Machine Vision and Big Data

I started my computing career with machine vision. It was my first large sized project in school a few years ago (or was it a few decades ago but who is counting). Anyway, the project was to determine defects in computer chips with machine vision. We had employed a simple neural network learning algorithm that tried to determine if the image of the chip was a match with the image of a good specimen stored in the system or not. So, what we were trying to solve was comparing the captured image with one fixed image and deciding on if there was a match within an acceptable level of deviation. It was not perfect but it worked. It was unfortunate that the company that provided us with the grant money decided to not deploy the solution in production for reasons best known to the company.

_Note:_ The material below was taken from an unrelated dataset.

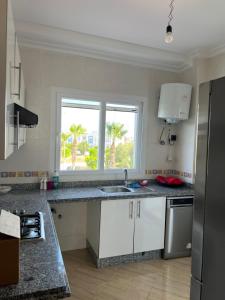 a kitchen with a sink and a window at Apparemment Martil Sofia bay in Martil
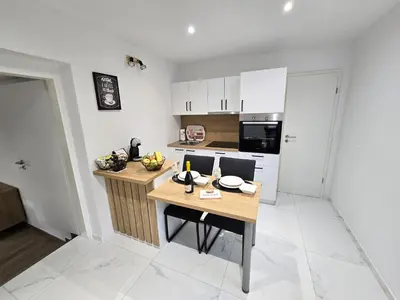 a kitchen with a wooden table in a room at GOLDEN OASIS Free Private Parking in Ljubljana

Anyway, today I came across this nicely written short editorial piece in International Journal of Computer Vision titled simply Big Data. The author describes the new techniques that are now available to the area of machine/computer vision mostly driven by advances by machine translation and speech to text processing. Both these areas came into their own once large training data sets were used. And this was possible only with general advances in storing, retrieving and processing big data sets. For more details please refer to the article here.

The current state of image recognition is best illustrated by the two examples below. In the first set the learning engine was asked to choose an image in either column 1 or 2 that looked liked the image in the remaining columns (3-5) in each of the two sets. So, for first set the learning engine needed to identify a horse and in the second set a face. And as you can see the system was able to do so correctly. Of course this by does not mean that the same algorithm would be able to identify a tree if given bunch of pictures with shrubs etc. But, it s a promising start.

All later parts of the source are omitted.